__REQUIREMENT__: Practice item. Set the material below down again exactly, with no pictures.

━━━ AVAILABLE DATA

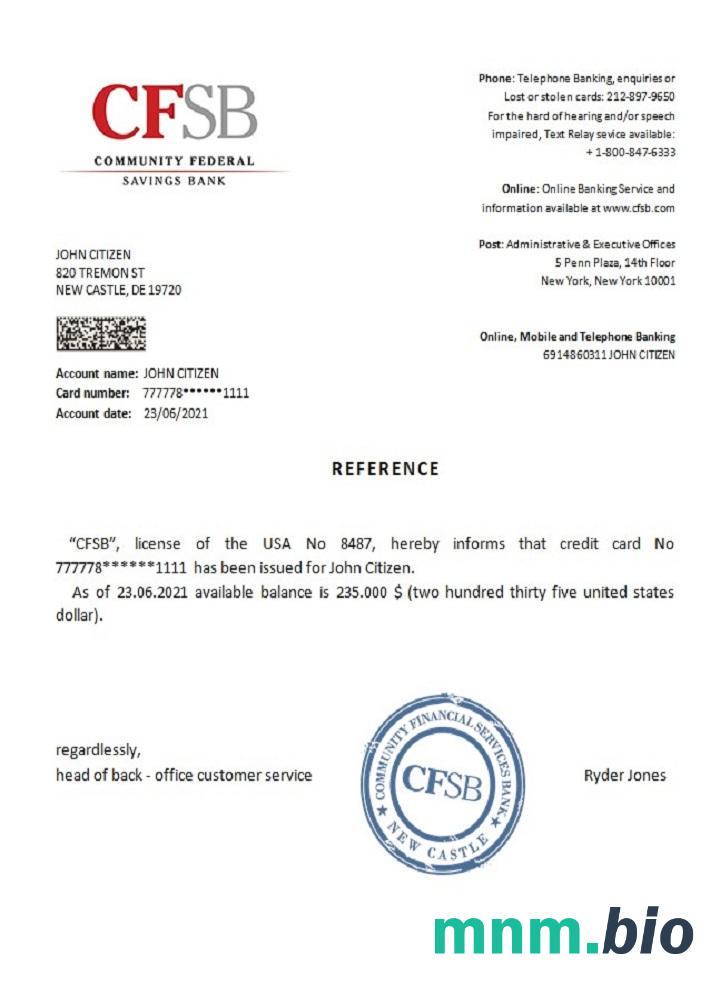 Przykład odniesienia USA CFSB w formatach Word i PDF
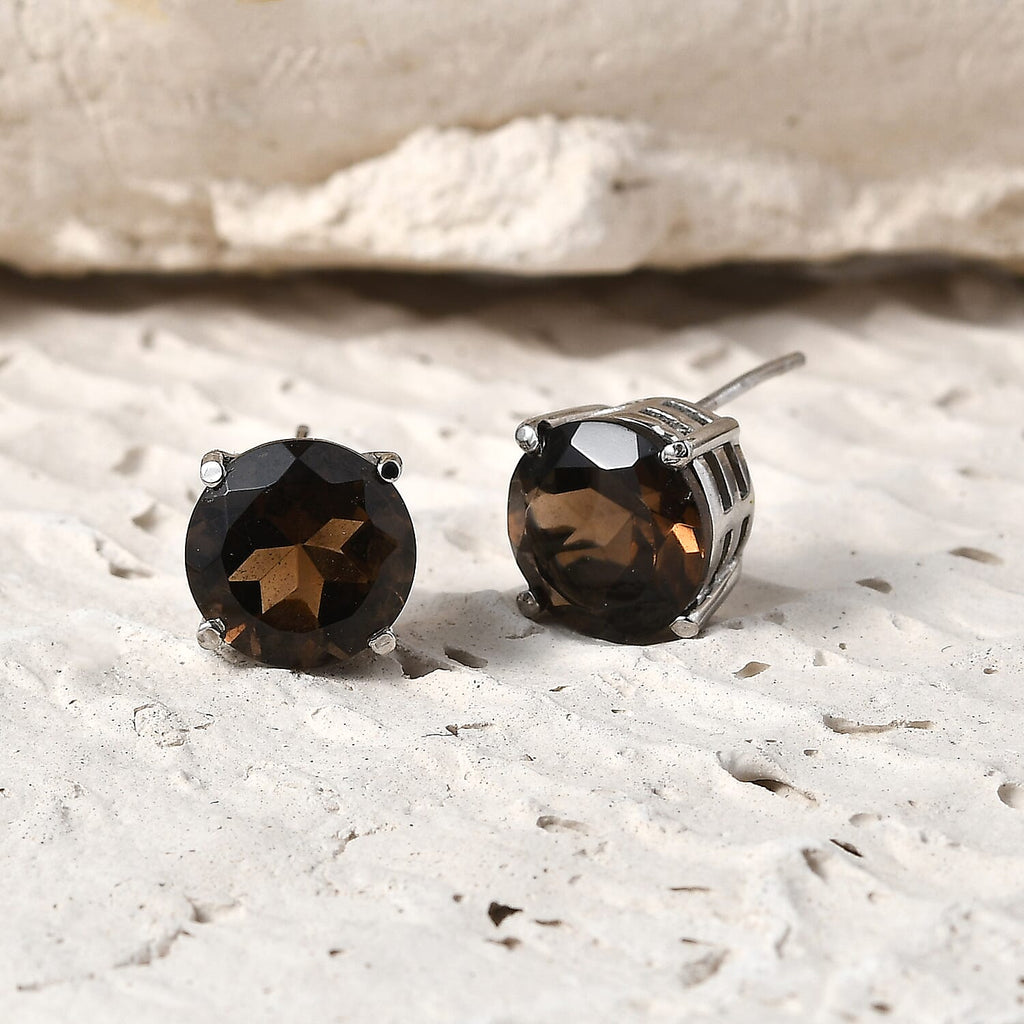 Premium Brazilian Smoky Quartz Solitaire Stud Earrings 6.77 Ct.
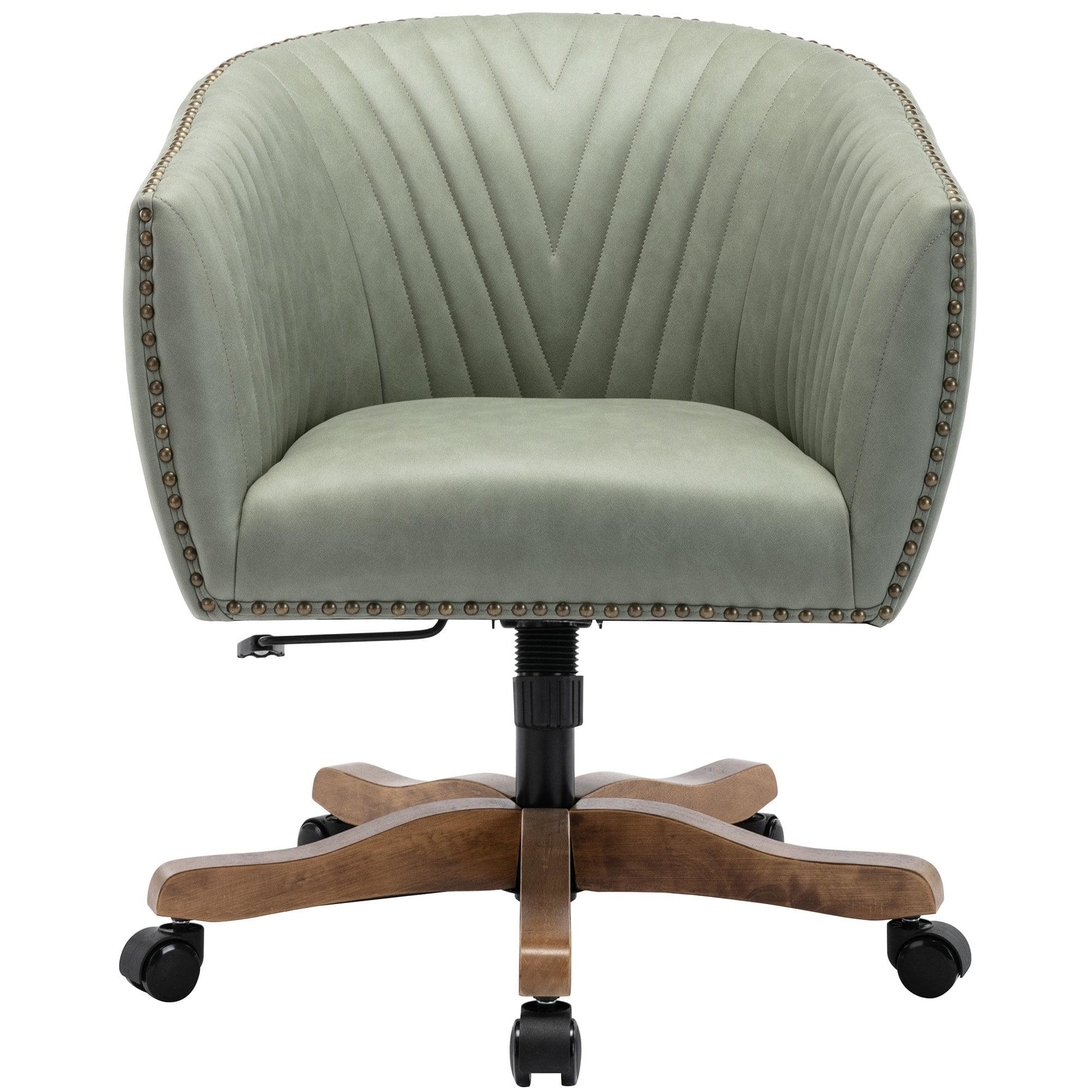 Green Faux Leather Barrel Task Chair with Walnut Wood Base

━━━━━━

__ANSWER AREA__:
 Przykład odniesienia USA CFSB w formatach Word i PDF
 Premium Brazilian Smoky Quartz Solitaire Stud Earrings 6.77 Ct.
 Green Faux Leather Barrel Task Chair with Walnut Wood Base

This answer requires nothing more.